- _What you need to do_:
Nothing but the lines from the one containing "#1802-•-tgb-sc" to the end of the data should be copied, exactly, and the pictures stay out.

[Crawled caption data]

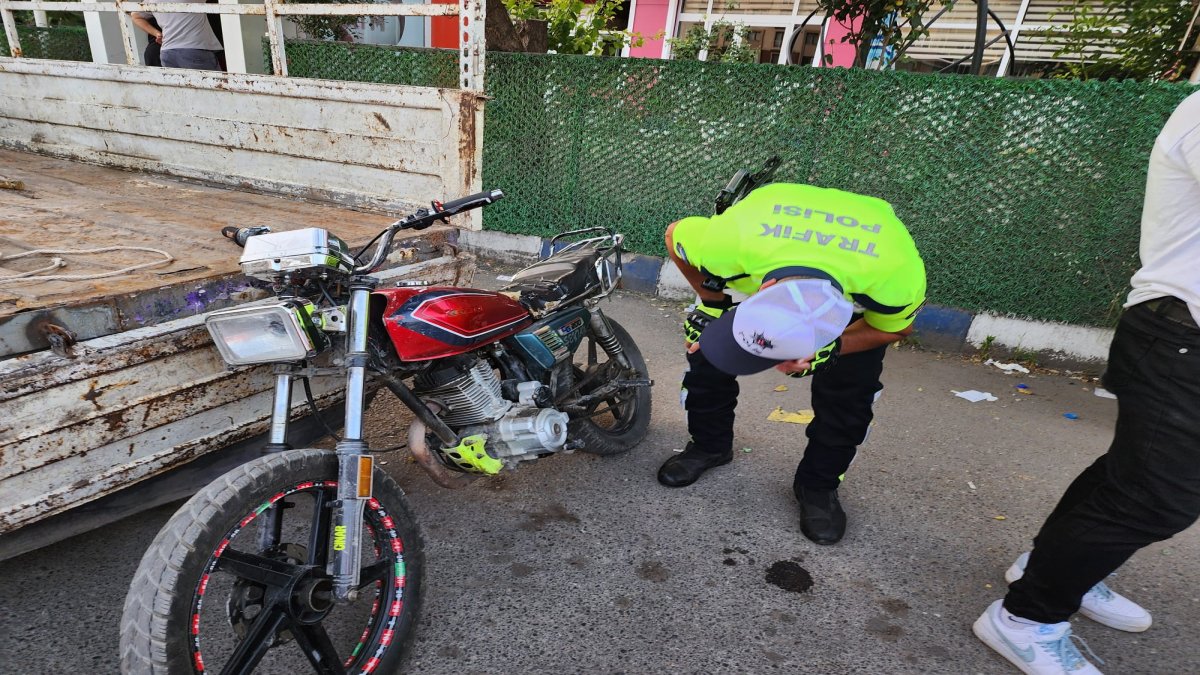 Plakasız motosiklet polisleri harekete geçirdi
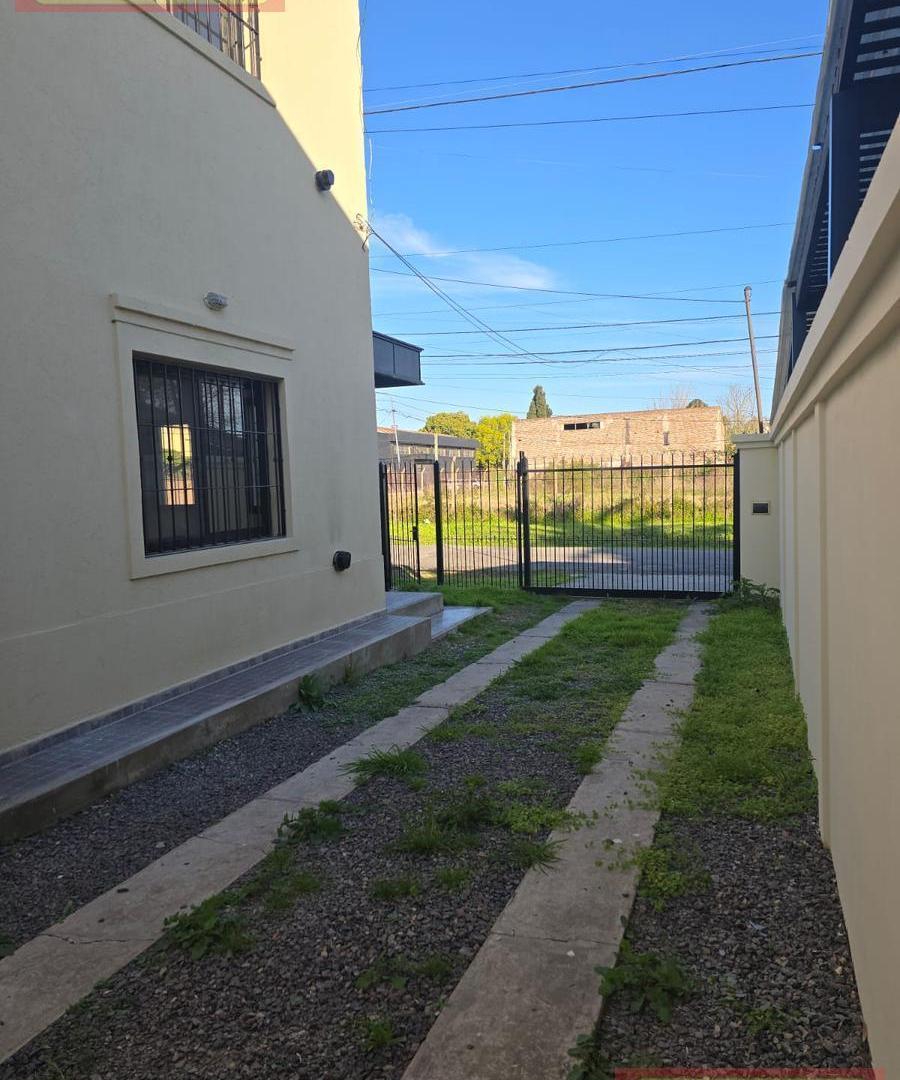 Foto de DUPLEX en ALQUILER - PILAR CENTRO. Muy buen acceso, entorno residencial, imagen 2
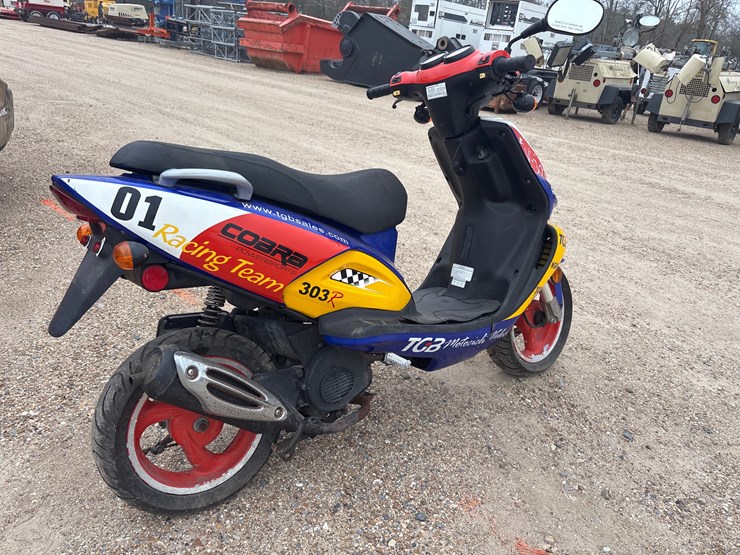 #1802-•-tgb-scooter,-red-and-white-|-for-parts/repairs-|-no-title-image-5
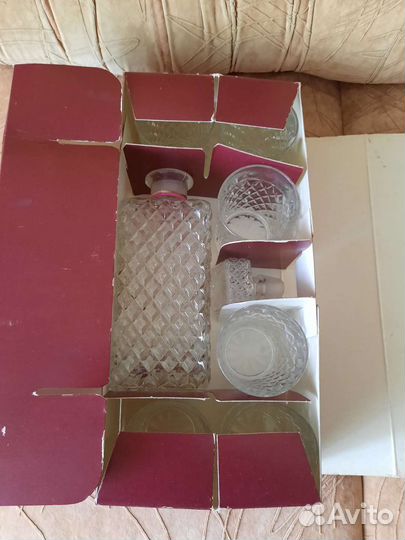 Набор бокалов и штофа для виски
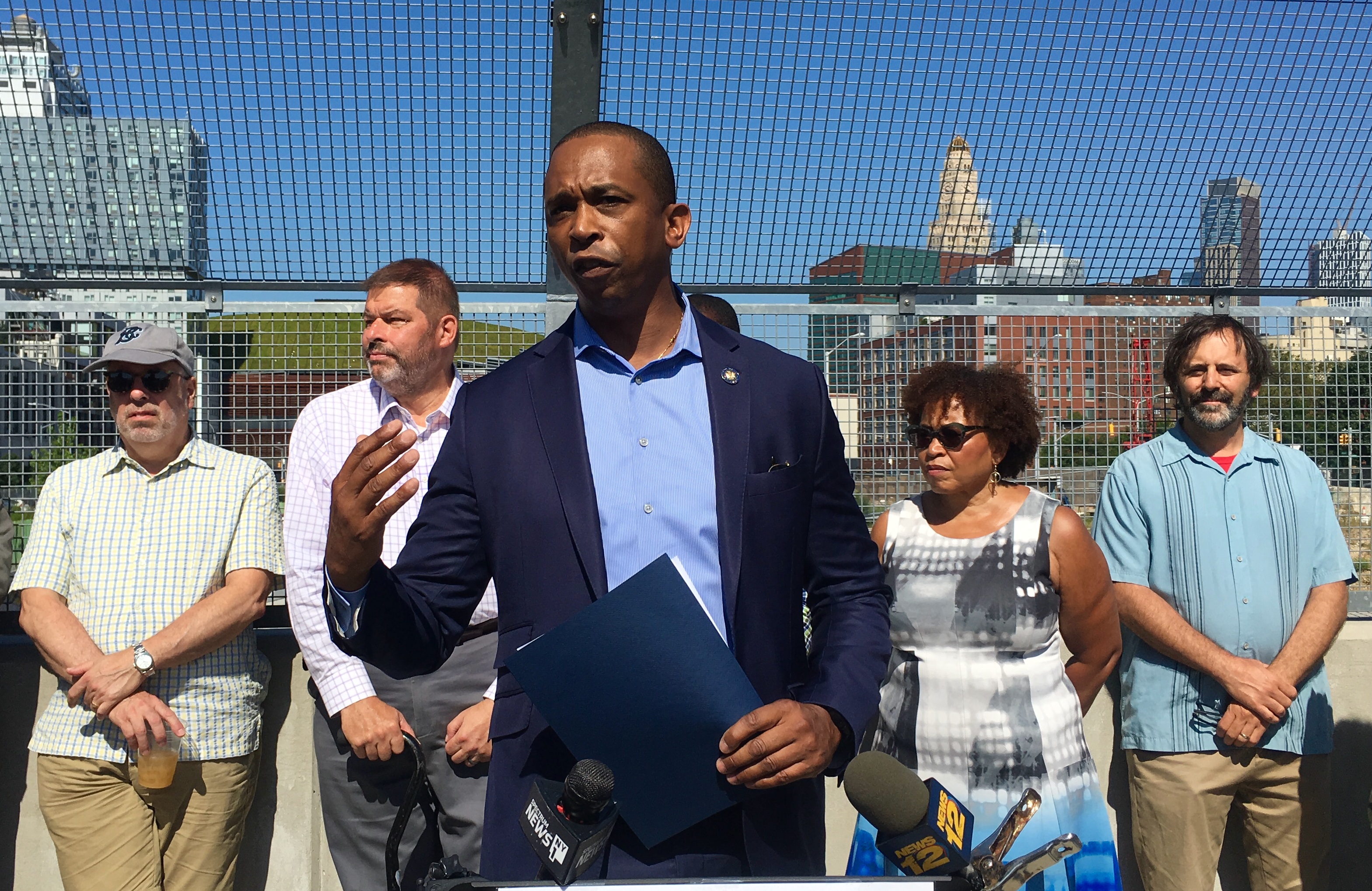State Assemblymember Walter Mosley doubts that Atlantic Yards/Pacific Park’s developers can construct 2,250 affordable apartments by 2025. Eagle photo by Lore Croghan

- _Result below_:
 #1802-•-tgb-scooter,-red-and-white-|-for-parts/repairs-|-no-title-image-5
 Набор бокалов и штофа для виски
State Assemblymember Walter Mosley doubts that Atlantic Yards/Pacific Park’s developers can construct 2,250 affordable apartments by 2025. Eagle photo by Lore Croghan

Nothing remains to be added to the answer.